The CPU and graphics driver work together to feed the GPU with geometry
data, in the form of triangle primitives. Triangles are the basic building
blocks of all geometry you'll see on your screen, in any modern 3D
accelerator. Want to display a sphere, cylinder, box, or any other geometric
shape, on a computer screen? It's built from tris. The GPU processes those
tris in its vertex processors. The vertex processors are complex
mini-processors made up of a combination of vector (basically a point and
direction in 3D space) and scalar (how big the vector is) arithmetic units
(ALUs). They work together in a SIMD or MIMD fashion to output triangles to
the triangle setup engine.
The triangle setup engine converts the triangle batches to pixel fragments
via specialised silicon called the rasteriser. Each fragment is assigned a
set of parameters and attributes that tell the fragment processor (the
correct term for the pixel processors, since they operate not on whole
pixels, but pixel fragments) things like what colour the fragment is, and
what fragment programs to run for that particular fragment. This is where
things become relevant for Supertiling, since the fragment units operate on
pixel blocks, called quads. Quads are a block of 2x2 pixels. Modern
immediate-mode render architectures, like NV40 and R480, operate on quads
for reasons of efficiency and ease (relatively speaking) of design.
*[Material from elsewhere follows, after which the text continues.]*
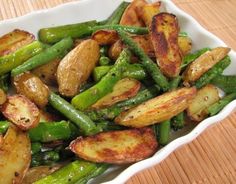 a white bowl filled with green beans and potatoes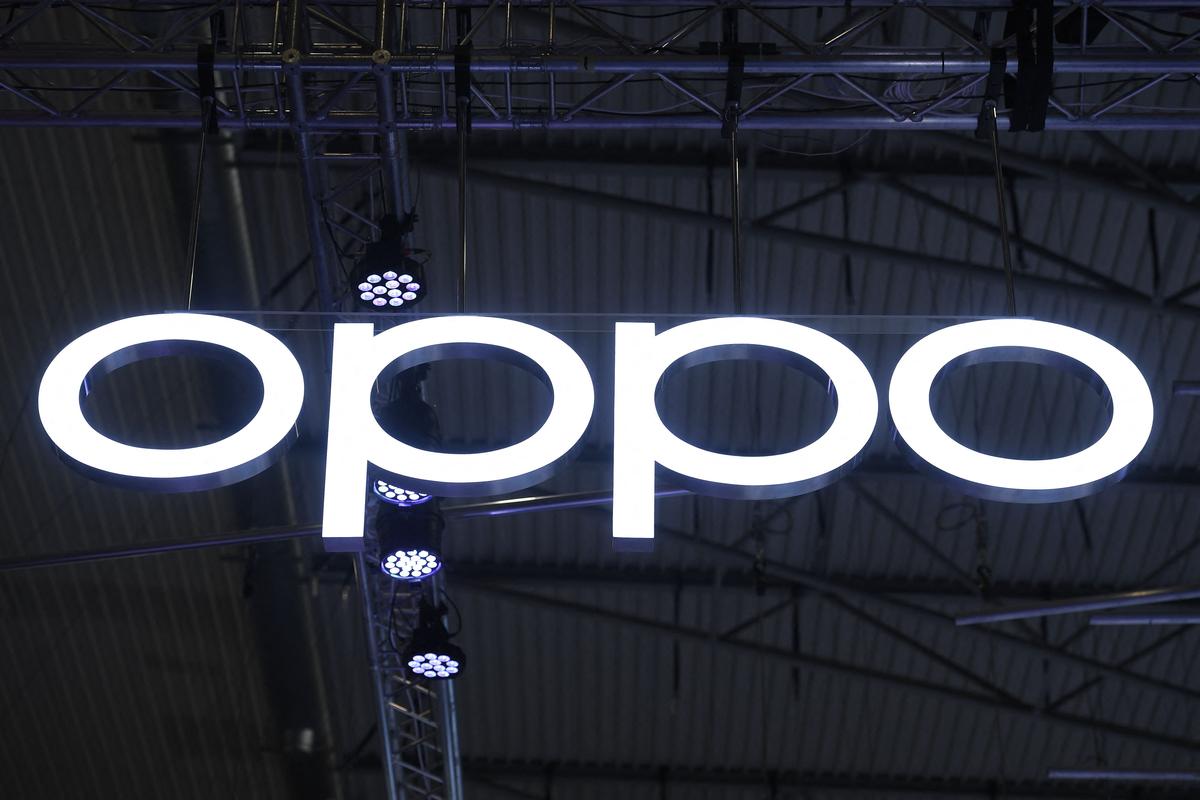 The logo of smartphone manufacturer Oppo is displayed at the MWC (Mobile World Congress) in Barcelona on March 2, 2022. (Josep Lago/AFP via Getty Images)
Processed fragments, output by the fragment units, are processed by the
ROPs, which perform functions like colour combining and sampling,
anti-aliasing (Z-sampling) and buffer blends, before writing the pixel out
to the output buffer, for display on your screen. The entire process is then
repeated as fast as it can. There are huge amounts missed out in all three
stages (vertices -> pixels -> ROPs), but that's the basics.
That grouping of pixel fragments into quads, and then screen tiles, by the
rasteriser, is how Supertiling works. With one GPU, that GPU processes all
the screen tiles, effectively Supertiling on its own. With more than one GPU
involved, though, each one gets a split of the tiles to work on, with the
final output combined at the end so you can see it. Since the tiling takes
place after rasterisation, it has an impact on overall performance. I'll
explain that shortly.
The important thing to understand is that everything after rasterisation can
be accelerated in the M3DR scheme that Supertiling allows, that Crossfire
implements.
How the Supertiling mode of Crossfire affects performance
Good question. Obviously, if the tile rendering acceleration only happens
after rasterising the fragments, everything before that is unaccelerated.
With Crossfire, or any other Supertiling M3DR implementation, all geometry
is passed to each GPU that's participating. That obviously means that
geometry performance can't scale absolutely. If each GPU has to process all
of the geometry that all the others are working on, how can they accelerate
the creation of rasterised fragments?
ATI optimise what each rasterisation unit works on by discarding fragments
that'll never be processed, inside of the tiles that each GPU is being asked
to render. Basically the GPU interrogates the fragment to find out where it
lies in screen space. If the fragment overlaps or lies completely inside the
tile boundary for any of the tiles the GPU is processing, it keeps it to
process. If not, it's discarded and no further processing is done on it,
saving valuable bandwidth and processing power.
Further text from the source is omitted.